ロングランエッセイ

Vol.124 階段

URB HOUSE PHOTO

最近の住宅は、断熱性能が良いので、吹き抜けを使った立体的な空間構成ができるようになった。居間に吹き抜けをつくって、そこに二階へ上がる階段を設けると上と下が一体になり、階段を上り下りしながら、視線の高さが変化したり、広がりを感じることができる。北国は、半年間雪に閉じ込められるので、その閉塞感を解放させるために必須であると思って、階段を中心にした住宅を多くつくってきた。
 札幌にある本郷新記念札幌彫刻美術館には、優しい階段がある。建築家 上遠野 徹が、彫刻家 本郷 新のために設計したアトリエ付きの住宅であった。れんが積みの暖炉が置かれている居間には大きな吹き抜けがあり、その脇に二階廊下につながる階段がある。これが、高齢になった本郷 新のためにつくられたのか、たいそう緩やかである。これだけ緩やかだと、暖炉前に座っている人も、ちょいと上ってみたくなる緩やかさで、まるで二階に誘うようなつくり方である。
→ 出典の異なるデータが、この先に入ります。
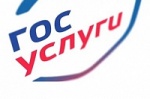 Для экономии и времени и денег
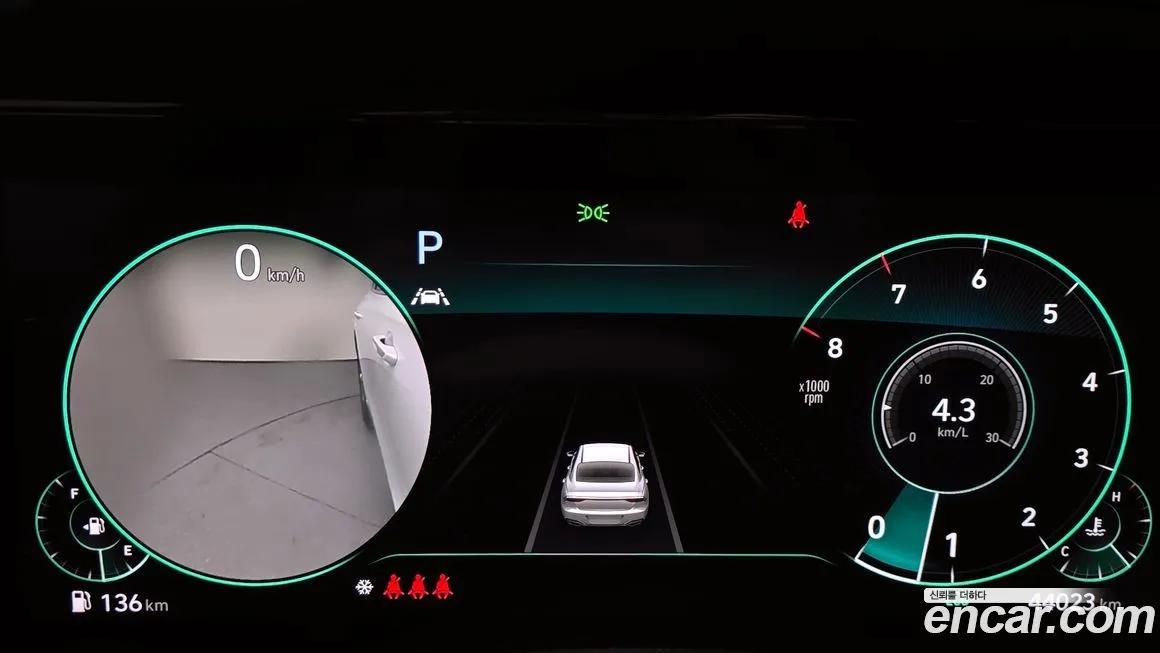 Hyundai Grandeur 2022 из KR, фото 8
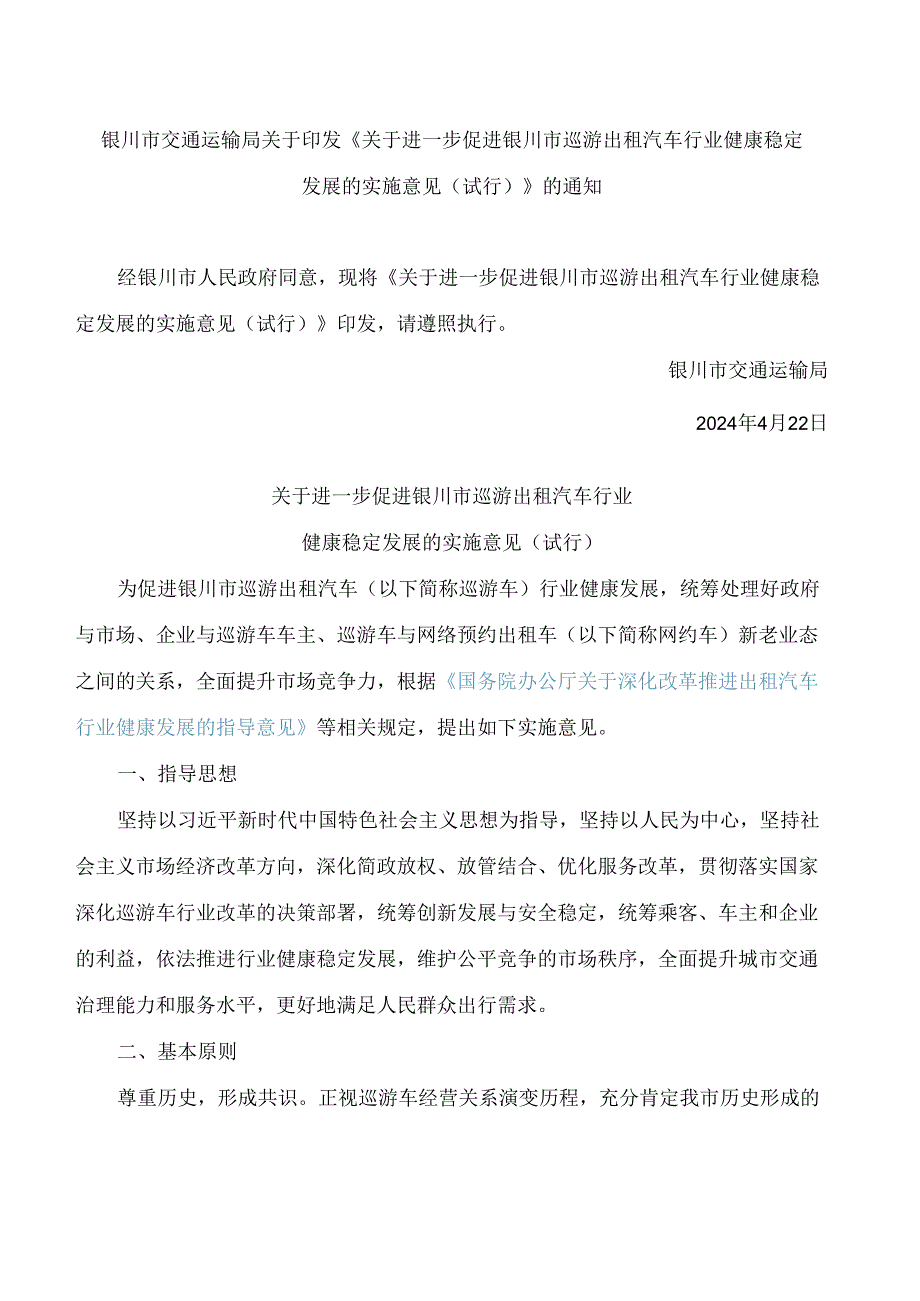 银川市交通运输局关于印发《关于进一步促进银川市巡游出租汽车行业健康稳定发展的实施意见(试行)》的通知.docx_第1页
実際に上ると少しも抵抗がないし、下りるにも小走りになるくらい抵抗がない。しかし視点の高さが変わるたびに、気持ちに変化を感じる。一階と二階をつなげる吹き抜けのなかにつくられた階段の巧みさを見てほしいし、許せば上ったり下りたりしてほしい。
 しかしこの魅力的な階段は、今年の夏までは白い壁でふさがれて見ることができなかった。今回開催された「建築家上遠野徹と本郷新の宮の森のアトリエ」展覧会では、これを見せないと彫刻家 本郷 新にも建築家 上遠野 徹にも失礼であると注文を付けたら、館長の吉崎さんがあちこち掛け合って、邪魔な白い壁を撤去してくれたので、優しく魅力的な空間が再現できていた。彫刻家 本郷 新の彫刻だけでなく、建築家 上遠野 徹の建築空間の魅力を実感してほしいと思う。